L’alternanza e la combinazione della teoria e della pratica o, se si preferisce, della filosofia e della politica, nonché la loro fusione tendenziale nella costituzione del partito del proletariato, meta ultima a cui, in questa fase, sono rivolti gli sforzi di Labriola, scandiscono con un ritmo dialettico serrato il processo di acquisizione ed elaborazione del marxismo, di cui il professore-militante è solitario protagonista fra anni ’80 e anni ’90.
Conviene perciò ricordare, proprio per mostrare il ruolo decisivo della pratica in quanto origine, fonte e criterio della teoria, quale sia stato, in questo lasso di tempo, il punto di avvìo della militanza socialista di Labriola, e cioè l’organizzazione della manifestazione internazionale del Primo Maggio del 1891, caratterizzata dalla parola d’ordine della giornata lavorativa di otto ore.
Il Nostro, in una congiuntura che vede il movimento socialista ancora debole e poco incisivo, non solo si prodiga per attuare tale iniziativa, ma si dedica anche a chiarire il significato strategico e rivoluzionario della rivendicazione delle ‘otto ore’ in alternativa a quella precedente del ‘diritto al lavoro’, che era di origine quarantottesca e di ispirazione riformista.
La riduzione della giornata lavorativa è infatti per lui, come per Marx e per Engels, il giusto obiettivo intermedio che può alimentare e far crescere, anche in una situazione arretrata come quella italiana, «il sano germe di un partito dei lavoratori».
Benedetto Croce, che fu a lui legato da vincoli di amicizia e di stima e fu editore dei suoi “Saggi”, fissò con questa immagine, esattamente centoventi anni fa in occasione della morte, il ritratto di Antonio Labriola: un maestro che il giovane allievo stava “tutto orecchi ad ascoltare”, ammirandone la capacità di trasformare la politica in “satira amenissima” e conversare di ogni cosa “con vena abbondante” e “con spirito scintillante”, quale che fosse la scena in cui questo moderno Socrate si trovava a discutere: un salotto intellettuale o un’aula dell’università di Roma o una sezione del partito socialista o una sala del caffè “Aragno”.
E rievocando la funzione svolta da Labriola sul terreno della elaborazione e della diffusione del materialismo storico, Croce la definisce nel modo seguente: «Di questa concezione [Labriola] fu il primo banditore da una cattedra universitaria, il primo che ne trattasse, non da dilettante o da giornalista, ma da scienziato, con severità d’intenti».
Nel prosieguo di tale articolo Croce ribadiva inoltre quel dissenso di fondo nei confronti della concezione del materialismo storico che avrebbe fatto di lui e di Giovanni Gentile, non senza che quella importante lezione lasciasse tuttavia nel loro pensiero filosofico tracce assai consistenti, i due principali esponenti del neo-idealismo italiano.
Del resto, scrivendo i famosi saggi sul socialismo scientifico in quella breve stagione fra il 1895 e il 1897, Labriola era mosso dal convincimento che quella fosse l’unica opera politica che gli fosse consentita nella situazione data.
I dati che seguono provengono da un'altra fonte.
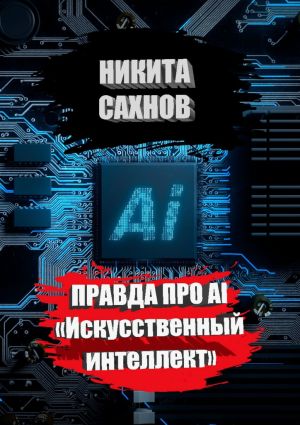 обложка книги Правда про AI «Искусственный интеллект» автора Никита Сахнов
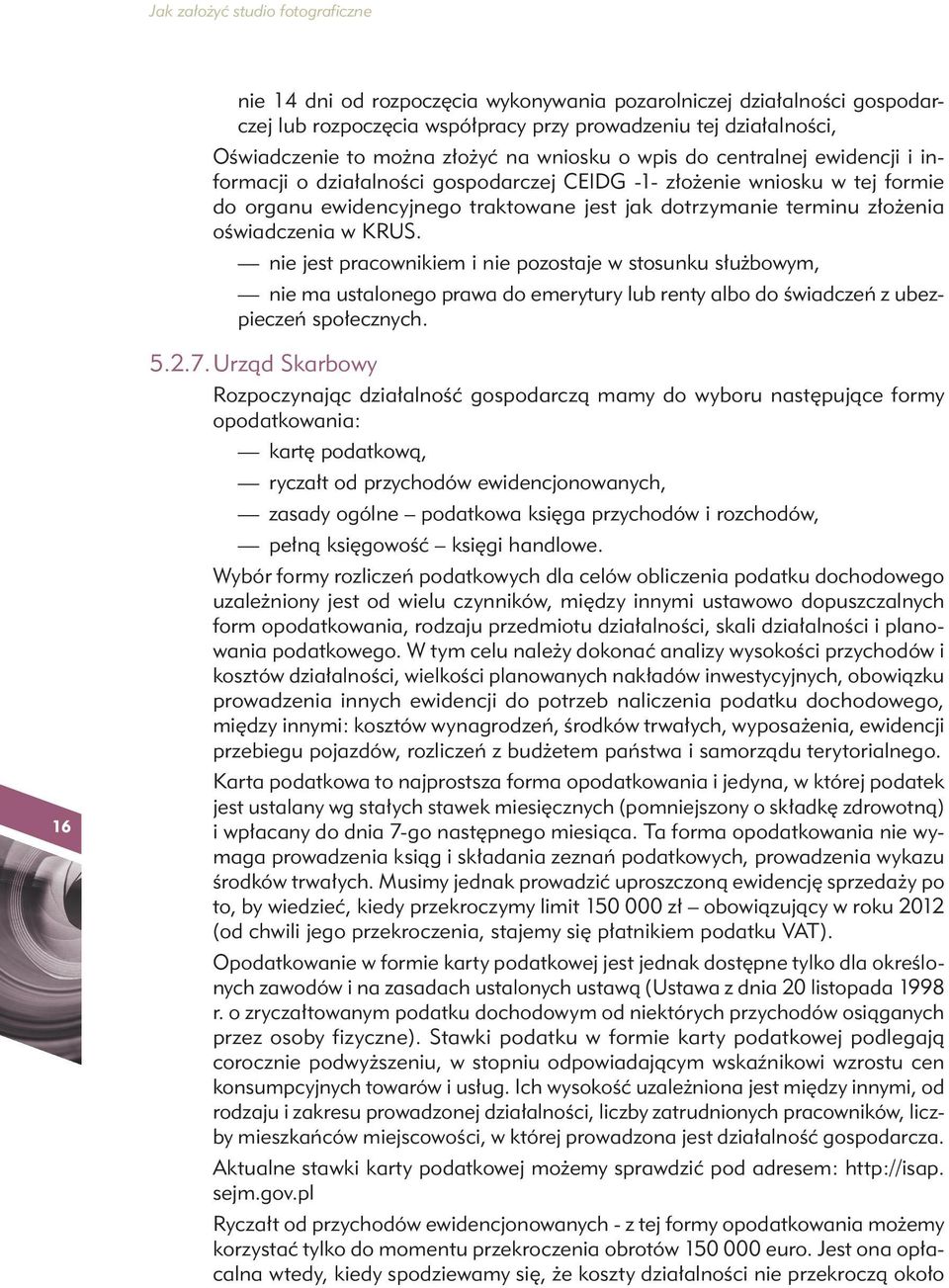 nie jest pracownikiem i nie pozostaje w stosunku służbowym, nie ma ustalonego prawa do emerytury lub renty albo do świadczeń z ubezpieczeń społecznych. 16 5.2.7.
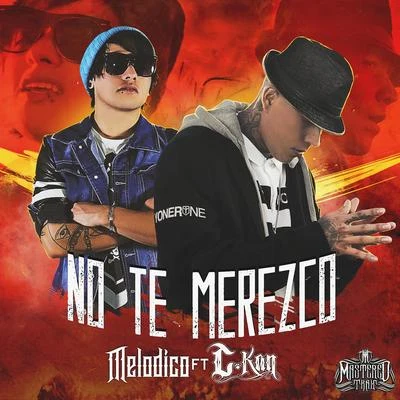 No Te Merezco (feat. C-Kan) - Single 專輯 Melodico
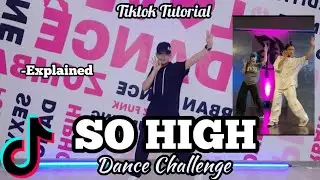 SO HIGH Dance Challenge | Tiktok Tutorial | Easy step by step for beginners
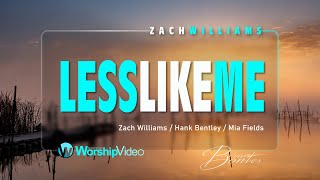Less Like Me - Zach Williams [With Lyrics]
Sempre nello stesso senso, è da sottolineare con forza che Labriola è stato il primo intellettuale italiano che abbia caratterizzato con un costante richiamo alla priorità e alla ineliminabilità della teoria il suo rapporto con il movimento di classe.
Ciò spiega, fra l’altro, la grande stima che Lenin ebbe nei suoi confronti: quel Lenin che, per parte sua, non avrebbe mai cessato di affermare, consapevole della circolarità dialettica fra teoria e pratica, che «senza teoria rivoluzionaria non è possibile alcun movimento rivoluzionario».
1 Cfr. L. Althusser, Per Marx, Roma, 1967, p. 7.